Z takim podejście są dwa problemy. Po pierwsze jak chcesz alienować 99.5% społeczeństwa to nic nei zmienisz i zamkniesz się w swojej malutkiej banieczce ideologicznej, tylko nakręcając fundamentalizm ideowy, co się częściowo zdarzyło na Syrenie. Po drugie nie należy ukrywać że język "inkluzywny" w środowiskach LGBT jest niesamowicie plastyczny i szybko się zmienia, to jest normalne że osoby które nie są jego częścią mogą nie nadąrzać albo nawet nie wiedzieć że coś istnieje. Jeśli chcemy tworzyć przestrzeń inkluzywną to ta przestrzeń musi być skonstruowana w taki sposób że osoby dyskryminowane dobrze się tam czują ale żeby inne osoby również miały szanse być inkluzywne. Co więcej musi być tam przestrzeń na dialog pomiędzy dwoma stronami. Już sam twój post to pokazuje, wykorzystywanie zwrotów typu "Załózył*m" czy "napisałx" są niezrozumiałe dla osób niewtajemniczonych, będą zakładały że albo to jest literówka albo jakiś dziwaczny wymysł nie mający sensu. Koniec końców żeby ktoś się zmieniły musi najpierw wiedzieć że jest potrzeba zmainy
Ale czemu miała by brać Dimę do siebie? Z tego co się orientuje to był wewnętrzny konflikt Syreny, wobec którego została zorganizowana pomoc mediatorska, powiązana z wieloletnim konfliktem z przychodnią. To nie działa tak że kolektyw który nie ma nic wspólnego z sytuacja wbija sie z buta, wywala kogoś i wszystko jest cacy. Ada co najwyżej mogła by zakazać Dimie wstępu na swój teren
A co ada miała zrobić? Wbić na Syrenę i eksmitować Dimę czy wbić na przychodnię i ją zająć?

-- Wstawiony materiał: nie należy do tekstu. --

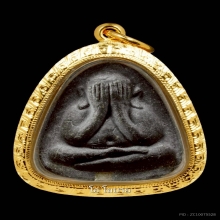 พระปิดตาปลดหนี้ หลังยันต์นะ หลวงปู่โต๊ะ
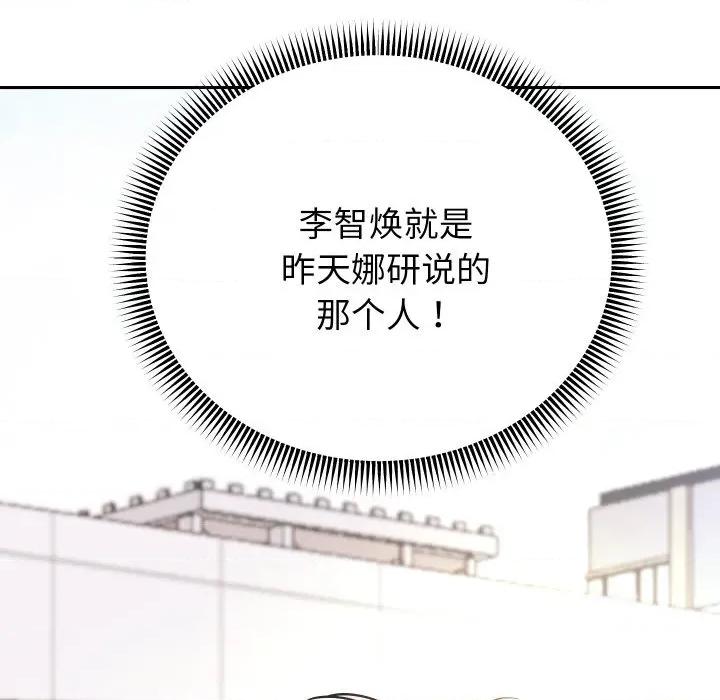 重生之长枪无敌 重生之长枪无敌-重生之长枪无敌 第74话 第8页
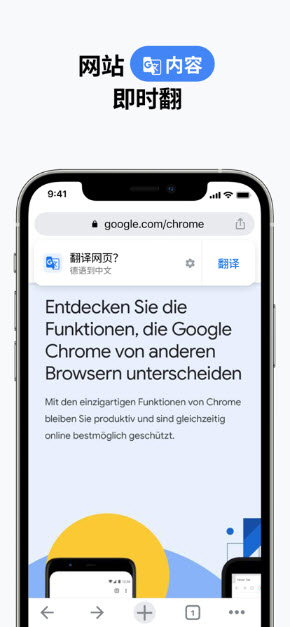 谷歌浏览器安卓版截图3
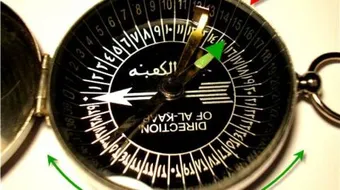 أين اتجاه القبلة في البوصلة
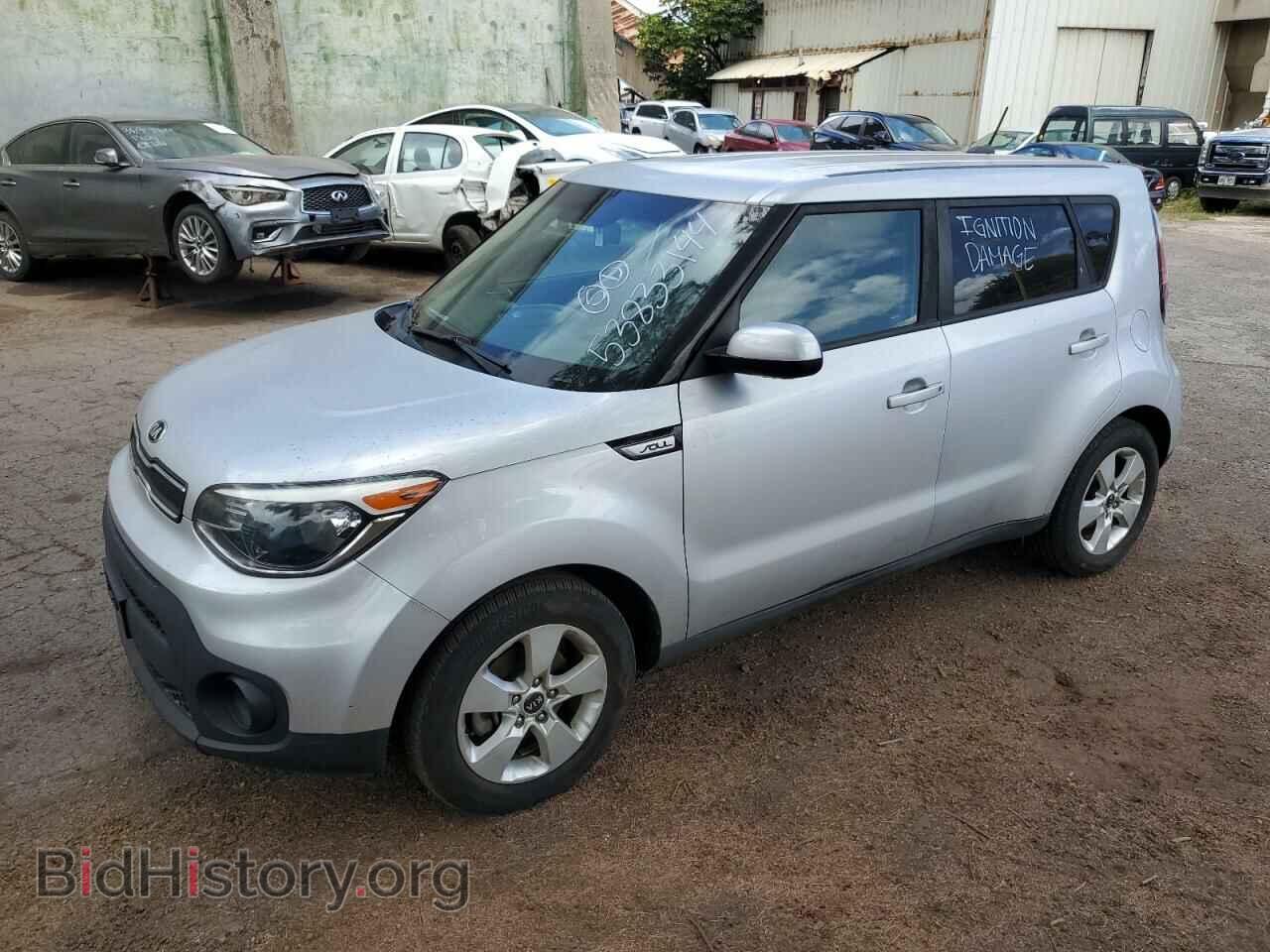 Фотография KNDJN2A25H7451171 - KIA SOUL 2017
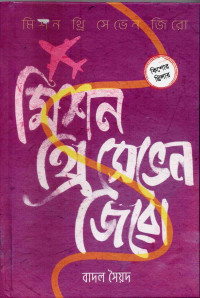 Image of মিশন থ্রি সেভেন জিরো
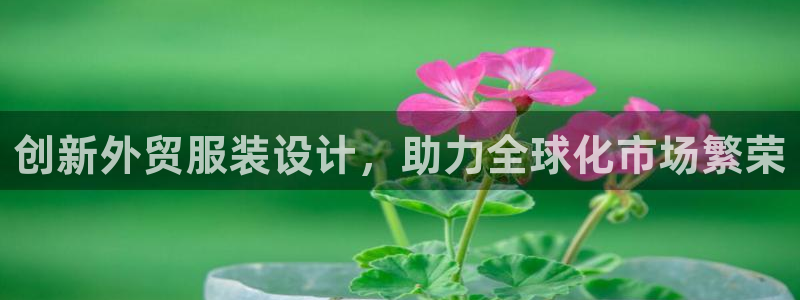 乐发彩票是什么平台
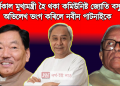 দীৰ্ঘকাল মুখ্যমন্ত্ৰী হৈ থকা কমিউনিষ্ট জ্যোতি বসুৰ অভিলেখ ভংগ কৰিলে নবীন পাটনাইকে
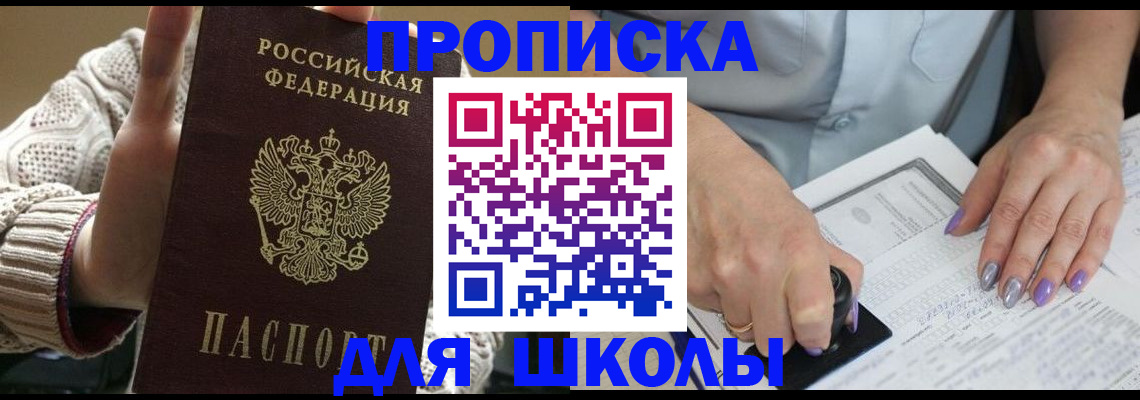 временная регистрация гарантия в Омутнинске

Przechodząc na bookchinizm i organizując sąd kolerzeński który mógłby rostrzygnąć daną sprawę przy wykorzystaniu niezależnych osób trzecich mogących się zapoznać z sytuacją z obu stron a potem zdecydować jak zareperować daną sytuację. Alternatywnie zreagowanie i eleiminacje problemu w zalążku. Ale tutaj niestety nikomu nie wyszło (co kieruje również do siebie).